Hello,
in Fedora we started with rebuilding Python packages with preleases of Python 3.11, currently it is 2nd alpha.
Docutils doesn't build because 3.11 adds support for null characters in the csv module, which breaks a test. See reproducer below.
import csv
from docutils.parsers.rst.directives import tables
with open('utf-16.csv', 'rb') as f: csv_data = f.read()
...
csv_data = str(csv_data, 'latin1').splitlines()

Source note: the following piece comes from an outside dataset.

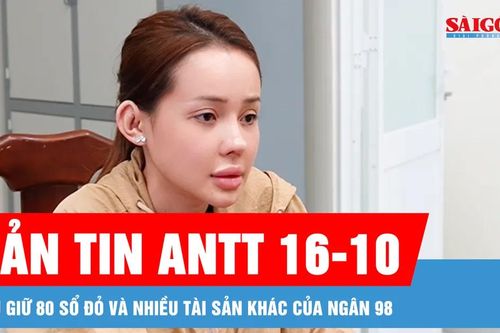 Bản tin ANTT 16-10: Thu giữ 80 sổ đỏ và nhiều tài sản khác của Ngân 98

reader = csv.reader([tables.CSVTable.encode_for_csv(line + '\n') for line in csv_data])
next(reader)
Python 3.11:
['þÿ\x00"\x00T\x00r\x00e\x00a\x00t\x00"\x00', '\x00 \x00"\x00Q\x00u\x00a\x00n\x00t\x00i\x00t\x00y\x00"\x00', '\x00 \x00"\x00D\x00e\x00s\x00c\x00r\x00i\x00p\x00t\x00i\x00o\x00n\x00"\x00']
Python 3.10:
Traceback (most recent call last):
File "<stdin>", line 1, in <module>
_csv.Error: line contains NUL</module></stdin>
The change was introduced in this commit: https://github.com/python/cpython/commit/b454e8e4df73bc73bc1a6f597431f171bfae8abd
Thank you for the report.
Could you attach a full test log?
mine breaks because reading utf-16.csv with null bytes does not break
so there is no exception data::
Last edit: engelbert gruber 2021-11-27
Could you re-try with r8909?
made it pass in r8910
reading a utf-16 file in latin1 gives funny results.
maybe breaking processing of the file would be better than producing garbled output
Last edit: engelbert gruber 2021-11-27
In the test, this is intentional. In praxi, utf-16 is recognized by the BOM and correctly decoded, if the "input_encoding" setting is left at its default (None).
See [feature-requests:#92].
Related
Feature Requests:
#92Fixed in [r8910]
Related
Commit: [r8910]
Fixed in release 0.19.
Thank you for reporting and testing.